However, leisure as state of mind is the best way to interpret what we do for leisure because it is personal to the individual so to us it is not wasting 1-2 years of our life at all because that is what we want to do with our time. 
But since there are cultures that don't care as much about that and want you to spend almost all your time either on studies or other skills that are good for a job, it is very difficult to pursue your true interests sometimes rather than live the life that your parents are trying to mold you into. 
I guess because India as a culture seems to belittle activities such as cubing many potential cubers would see the cube and think they don't have enough time to get involved with that because their free time might be more limited than other countries.


----------



## Photon (Apr 28, 2012)

There's a damn lot said here, I'll sum up, or add my perspective. Indian, Chennai here btw.
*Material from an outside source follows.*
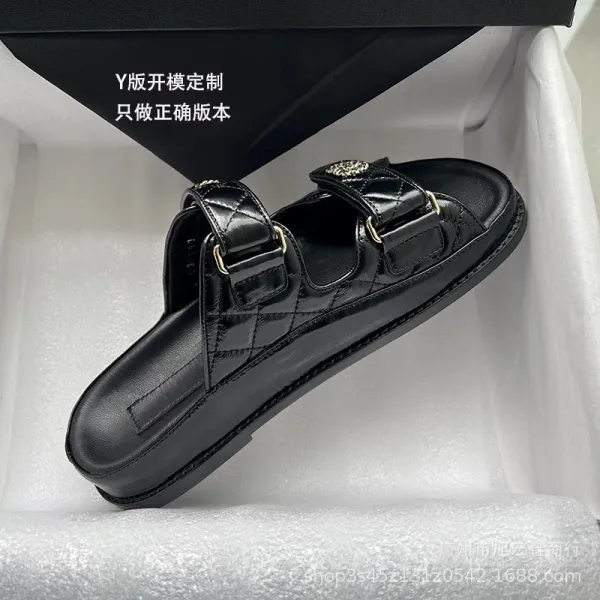 Chanel CC Logo Quilted Leather Sandals Black - 5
1. Cost of cubes. $10 for a cube. Fine, but in Indian money, that's almost 500 bucks, more than that definitely. No parent, at least not middle-class ones like mine, are willing to indulge in that. 
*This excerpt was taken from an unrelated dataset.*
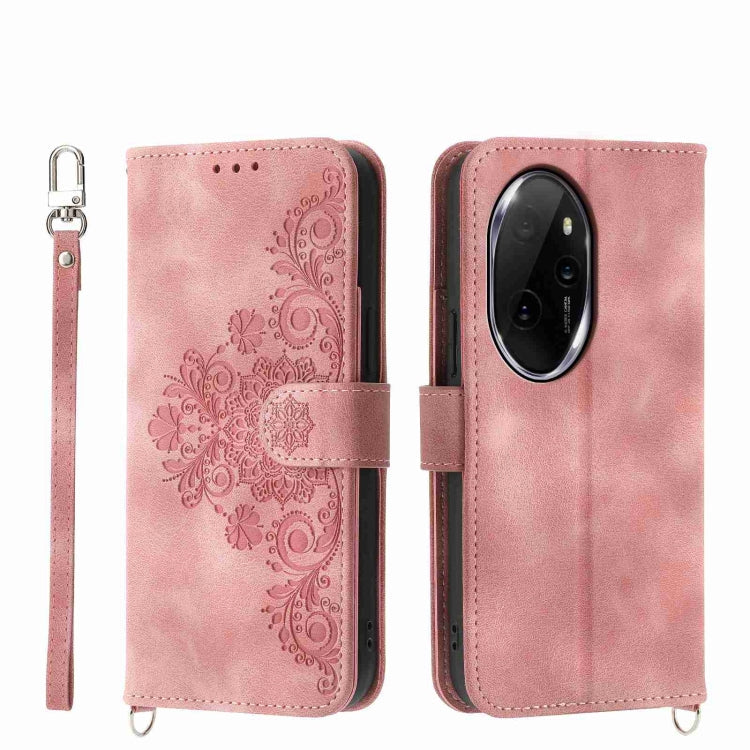Skin Feel Flowers Embossed Wallet Leather Phone Case, For Honor X8b, For Honor 100 Pro, For Honor 100, For Honor X9b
2. Socio-economic factors. The most common question my parents ask is, "Where will this get you?" It's always "Go study". Sure, I waste quite a lot of time and everything, but this is perennial. 

I'd also grump about my city not having any competitions this year. Chennai is one of the biggest cities, and if you talk of the 1 billion people and everything, then this place could do with one comp. right? Cube meet-ups do happen though, we had one here last month. 
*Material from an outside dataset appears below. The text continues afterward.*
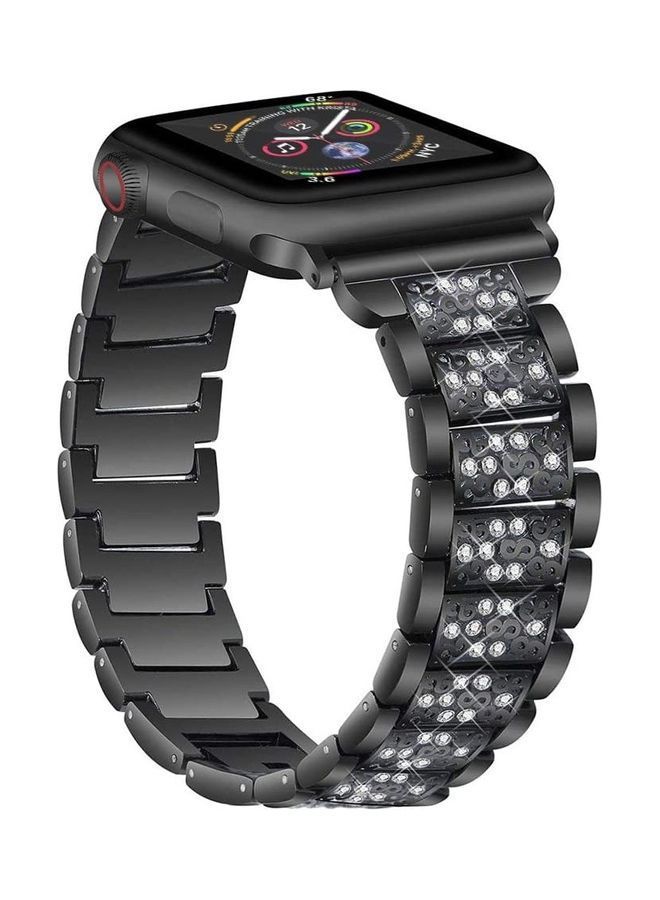 NIBEMINENT Crystal Diamond Bling Steel Metal Bracelet Band For Apple Watch 42/44/45mm Black  - Image 2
At the end of it, I think a lot is about mindset, and financial issues. Chinese websites are NOT trusted here, and that is another big stumbling block. Awareness is rising though. There ARE a handful of people doing sub-10s. We'll get there soon


----------



## theace (Apr 28, 2012)

qqwref said:


> You can get a good cube from China for less than $10, plus shipping. And you only really need one or two a year, plus under $5 of lube. Unless you want to collect cubes or buy expensive stuff like stackmats and custom puzzles, it's actually not very expensive.
> 
> 
> Maybe this is a difference in culture, but in the USA we expect that people will have interests other than school. When you apply to get into a good university or a good job, they do want good grades (up to a point, they understand that getting 100% does not mean you are smarter than someone who gets 98%), but they also want people to be well-rounded. That is, a good applicant will have hobbies outside of school, such as being interested in art or sports or something else. I've even heard of cubing skills helping people get into good schools. So we don't think it's useful to spend all of your time studying, because it will just lead to people who are only good at memorizing things and reciting them back. And in my experience a smart person won't need to spend all of their time on school to get good grades anyway. I do pretty well at a good college and I've got plenty of time for cubing and other hobbies.
> ...


There is a HUGE cultural difference here, yes. The entire education system is based on memorizing and regurgitating. At a college interview, a sub 6 solve won't do anything. But a 98% score on your marksheet (which is the result of about a few weeks of memorization) will certainly get you in. Here, you are judged not by the diversity of skill sets you have, but by the percent marks you score in exams. As a child, life is not only boring, but also extremely stressful. I'm pretty sure that most kids here are dying to get out of the house so that they can do things THEIR way.



CuberPanda said:


> I agree. But if you see, Australia is not same as india. You guys have Feliks, Somewhat like an Idol for cubing. he comes on tv on all quiz competitions and i beleive you have a cubing organisation. In india, You have to study, You're Ph.D earns you respect here, not holding a world record, And yes, We do have less competitions and that is solely because of the NERDY tags my fellow countrymen have given the game, I do agree with Akash, there is no physical movement here, So people are like, your moving youre fingers only, you can do that while writing too, NOW STUDY!! Maybe I am exgarrating for some people and for some people i am not like I, however am one of the lucky ones whose parents support their cubing, But at the end of the day, I always have to think where i will find time for cubing the next day.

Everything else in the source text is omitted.